*DIRECTIONS FOR THIS TASK*
From the listing below, please restate exactly the lines beginning at the one with "Nuevo Ganador Estilo" and ending at the one with "NE license plate 92WT56", both included, and skip the pictures.
┌─ DATA TO EXAMINE
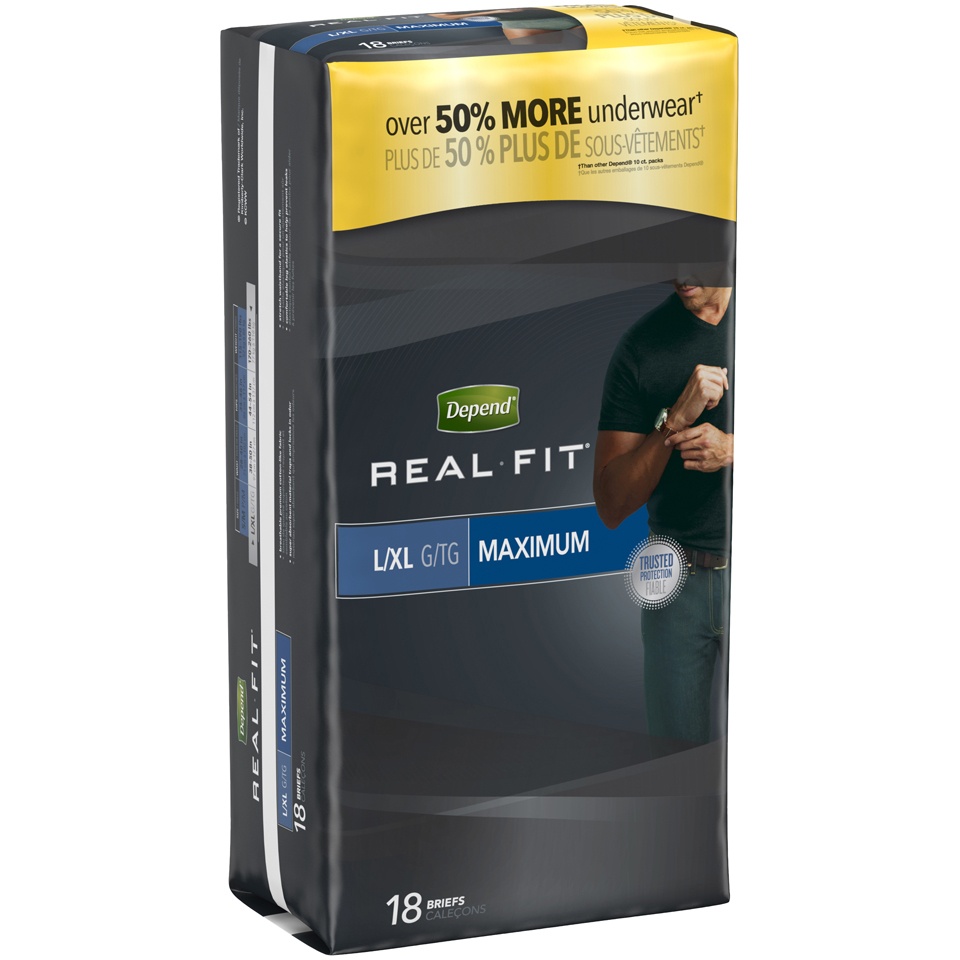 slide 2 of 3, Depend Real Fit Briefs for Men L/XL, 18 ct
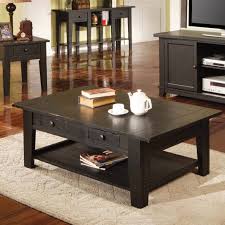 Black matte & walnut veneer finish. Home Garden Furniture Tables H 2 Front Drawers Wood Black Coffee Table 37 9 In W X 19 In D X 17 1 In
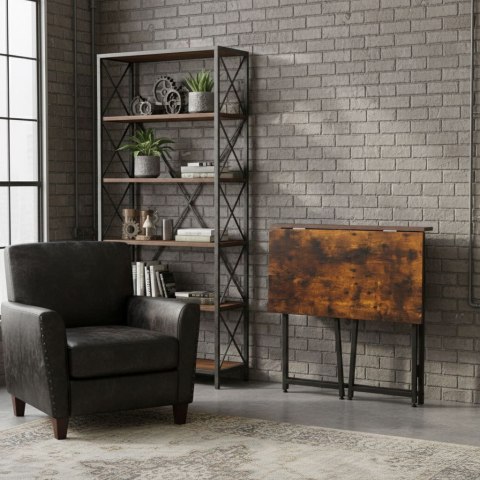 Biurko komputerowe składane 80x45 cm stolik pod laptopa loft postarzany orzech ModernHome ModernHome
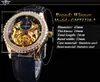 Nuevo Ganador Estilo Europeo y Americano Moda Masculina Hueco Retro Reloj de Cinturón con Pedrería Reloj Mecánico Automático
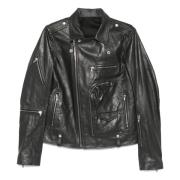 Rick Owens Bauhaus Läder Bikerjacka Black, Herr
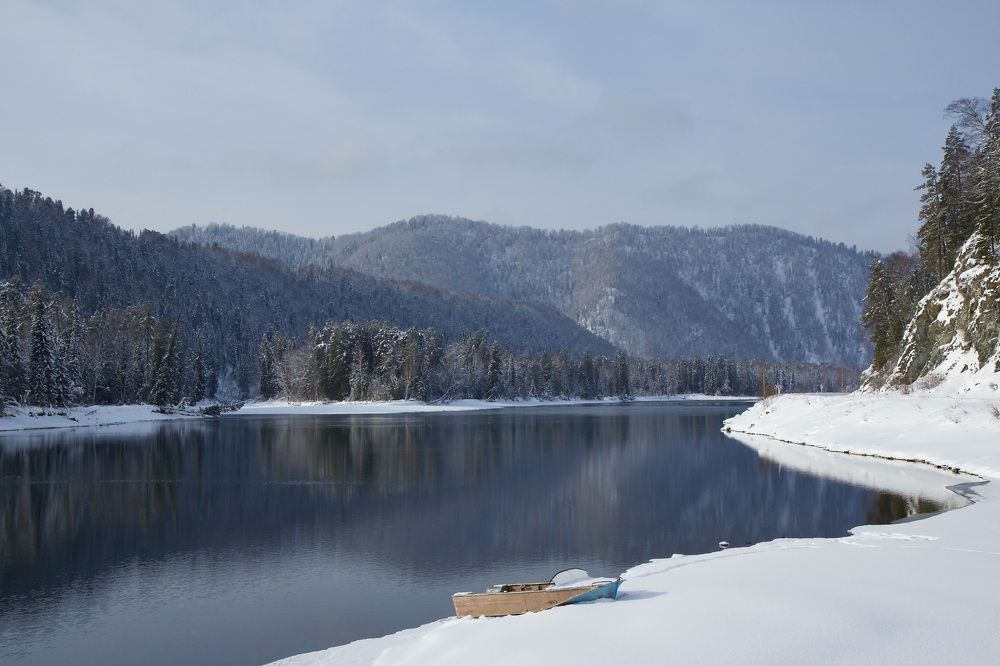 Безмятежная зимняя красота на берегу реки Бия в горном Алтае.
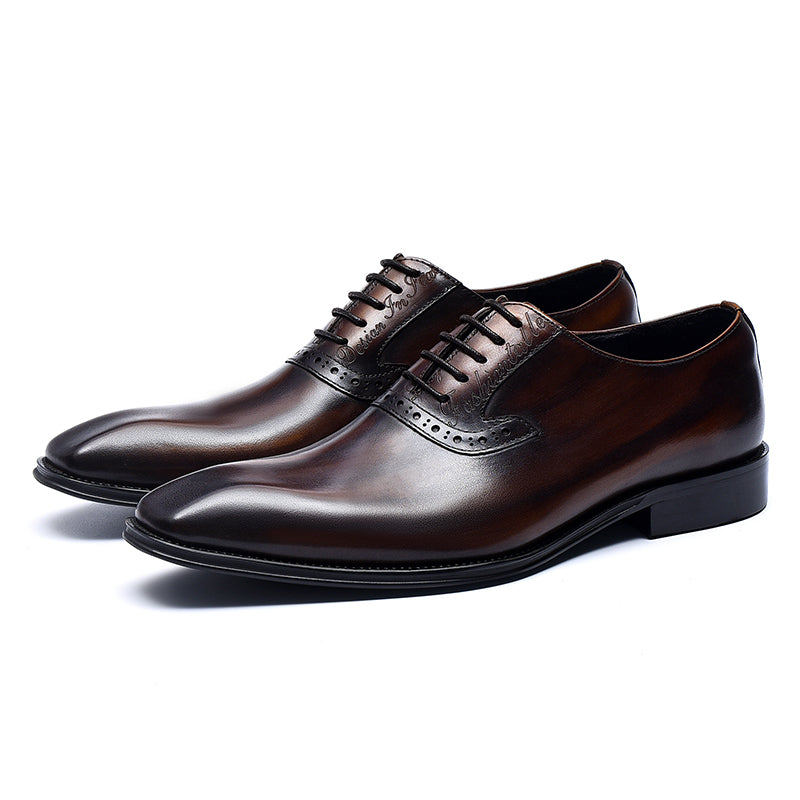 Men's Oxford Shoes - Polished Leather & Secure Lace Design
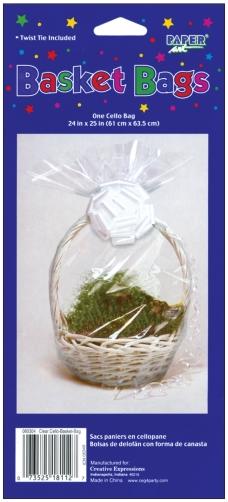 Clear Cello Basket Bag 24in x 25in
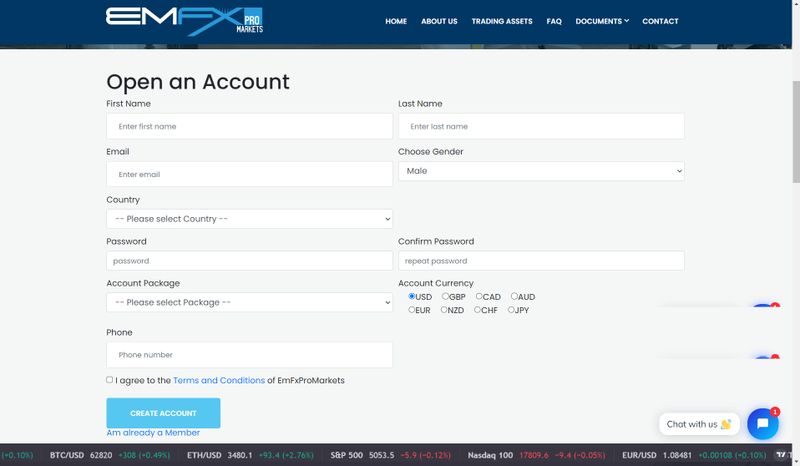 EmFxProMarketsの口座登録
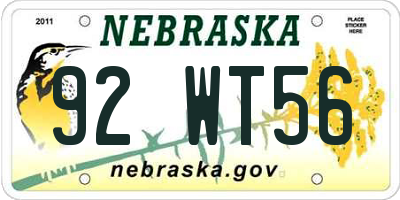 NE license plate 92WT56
└─
┌─ DATA TO EXAMINE
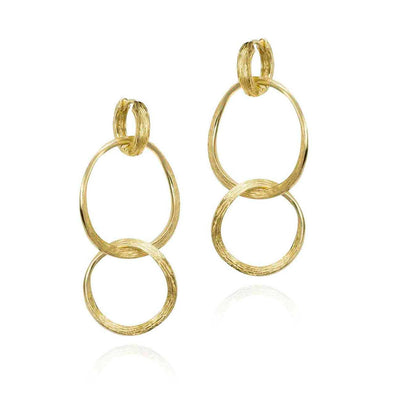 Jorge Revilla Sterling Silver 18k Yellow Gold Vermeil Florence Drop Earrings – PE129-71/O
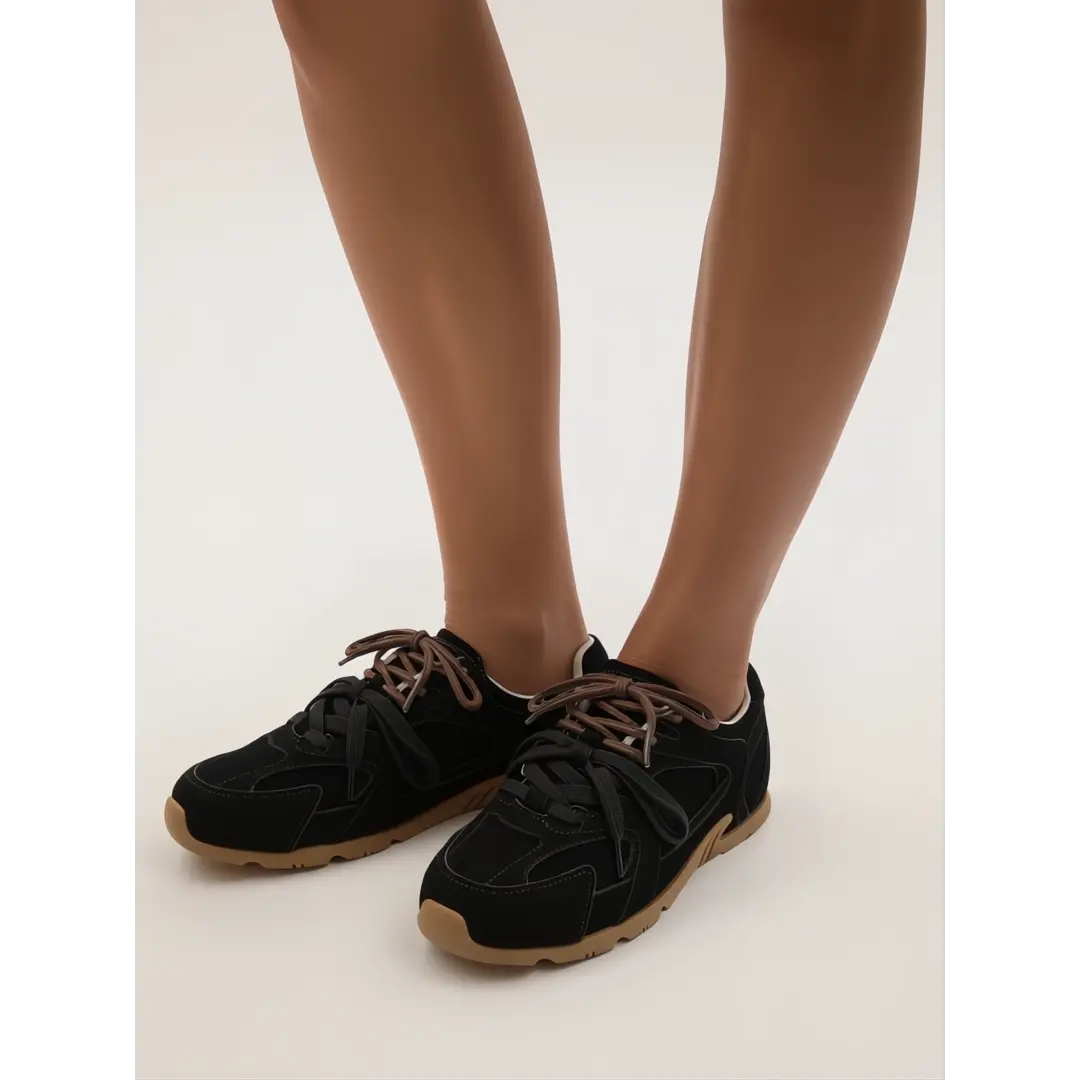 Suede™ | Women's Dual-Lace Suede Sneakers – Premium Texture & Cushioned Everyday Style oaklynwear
└─
*TASK RESULT*
 Nuevo Ganador Estilo Europeo y Americano Moda Masculina Hueco Retro Reloj de Cinturón con Pedrería Reloj Mecánico Automático
 Rick Owens Bauhaus Läder Bikerjacka Black, Herr
 Безмятежная зимняя красота на берегу реки Бия в горном Алтае.
 Men's Oxford Shoes - Polished Leather & Secure Lace Design
 Clear Cello Basket Bag 24in x 25in
 EmFxProMarketsの口座登録
 NE license plate 92WT56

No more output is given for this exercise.